-
Quest for Performance: The Evolution
of Modern Aircraft
-
-
- Part I: THE AGE OF
PROPELLERS
-
-
- Chapter 2: Design Exploration,
1914-18
-
-
- The Heritage of World War
I
-
-
-
- [64] Out of the
profusion of different configuration types, structural concepts,
and propulsion systems explored during the hectic days of World
War I, there emerged the strut-and-wire-braced biplane,
constructed of wood frame and covered with fabric, as the best
overall compromise between structural strength, weight, and
aerodynamic efficiency consistent with the existing state of
technology. This "standard airplane" formula, with various
improvements, was applied to all manner of single and multiengine
civil and military aircraft for many years following the end of
the war. In fact, one of the most extensively used training
aircraft in the United States during World War II was the
well-known Stearman PT-17 biplane. Even today, biplanes are flown
for sport, aerobatic competition, and crop spraying.
-
- Although a number of biplanes have been
described above, a review of some of the salient features of the
"standard airplane," the airplane design formula with which most
countries entered the decade of the 1920's, may be of interest. By
the end of the war, the rotary engine was obsolete, and the
in-line, water-cooled type was predominant. Values of the ratio of
dry weight to power had been reduced from between 3.5 and 4.0 for
early Curtiss and Mercedes engines to 2.5 for the 220-horsepower
Hispano-Suiza and 2.0 for the 400-horsepower Liberty. These values
were lower than the typical value of 2.7 for the rotaries;
however, the values given for the water-cooled engines do not
include the weight of the radiator, associated plumbing, or
cooling water. The propellers that transformed engine power to
propulsive thrust were of fixed pitch design and laminated wooden
construction. The limited speed range through which aircraft
operated in that era did not warrant the use of any type of
variable pitch arrangement. Large diameter propellers, consistent
with the low rotational speed of most engines, were used and gave
excellent takeoff and climb performance for a given amount of
power.
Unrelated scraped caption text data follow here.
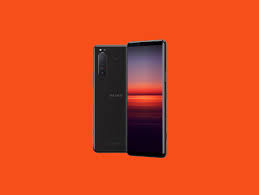It kept that huge 6000mah capacity battery, which will keep you gaming for hours. 9 Best Android Phones Unlocked Cheap Our 2021 Picks Wired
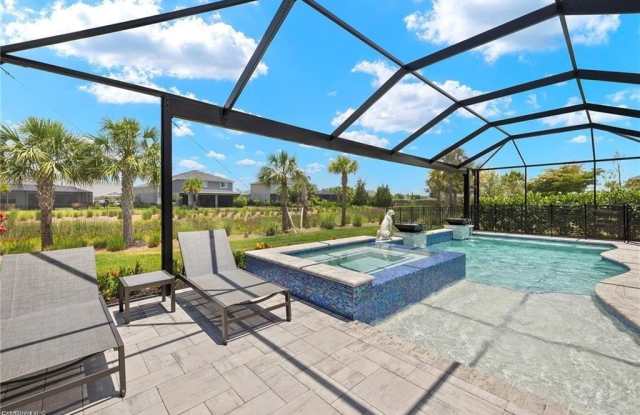 16217 Bluestem Ln lot: 441 Gallery 2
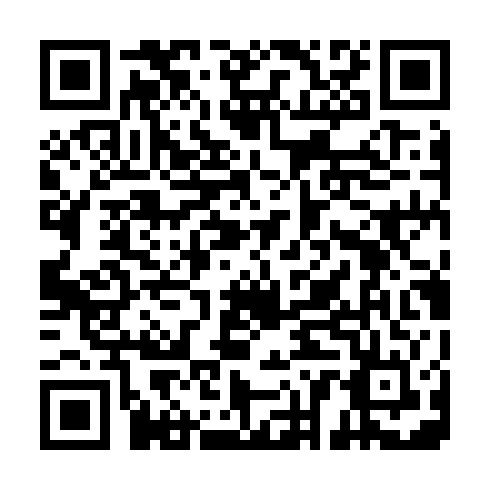 QR code for ZXO408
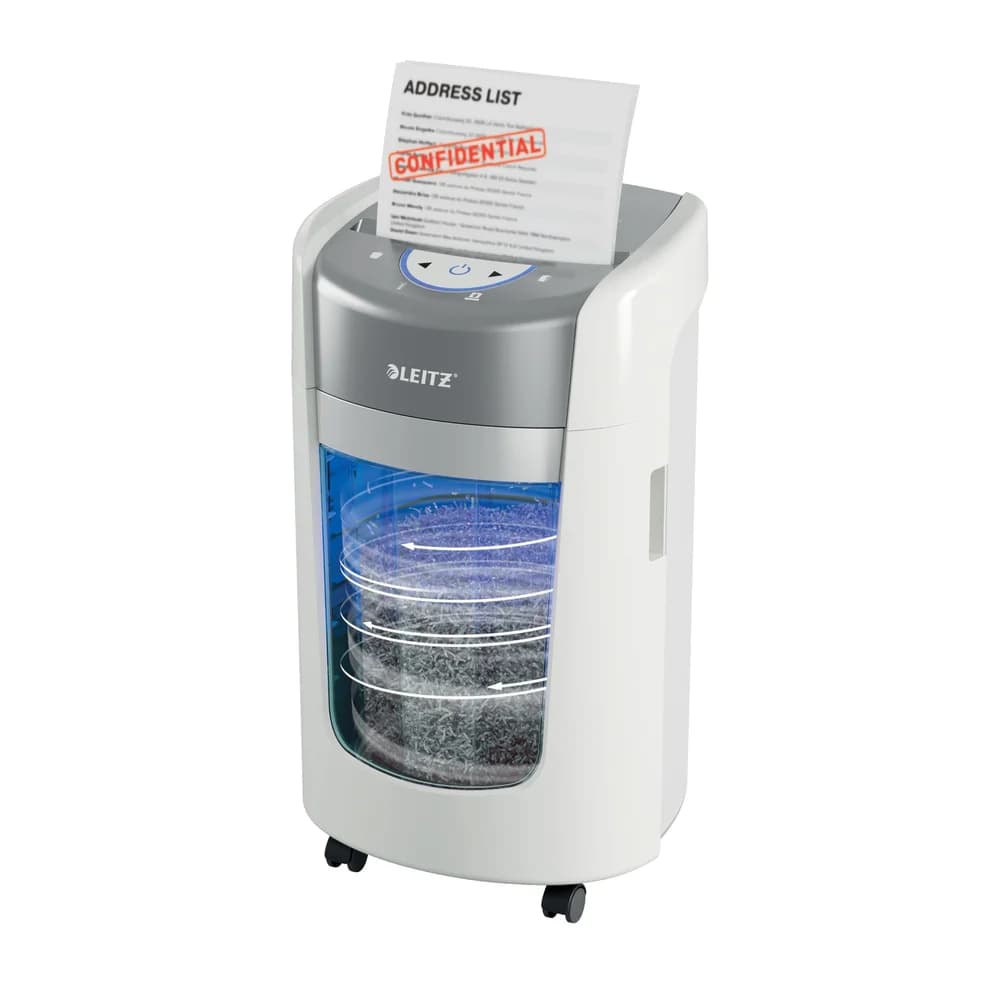 LEITZ IQ OptiMax 225 Office, 2x15mm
Engines were usually started by the simple expedient of
having a mechanic swing the propeller by hand. [65] The callout of
"off " and "contact" between the pilot operating the ignition
switch in the cockpit and the mechanic turning the propeller was a
familiar litany around airports for many years.
-
- The wing loadings of aircraft in those
early years were low, usually below 10 pounds per square foot, to
allow operation from small fields. Most aircraft could take off
and land in a few hundred feet. The typical fixed landing gear had
large wheels for operation from soft unsurfaced fields and had no
form of streamlining. No brakes were incorporated in the landing
gear, and the tail skid was usually a fixed nonsteerable device.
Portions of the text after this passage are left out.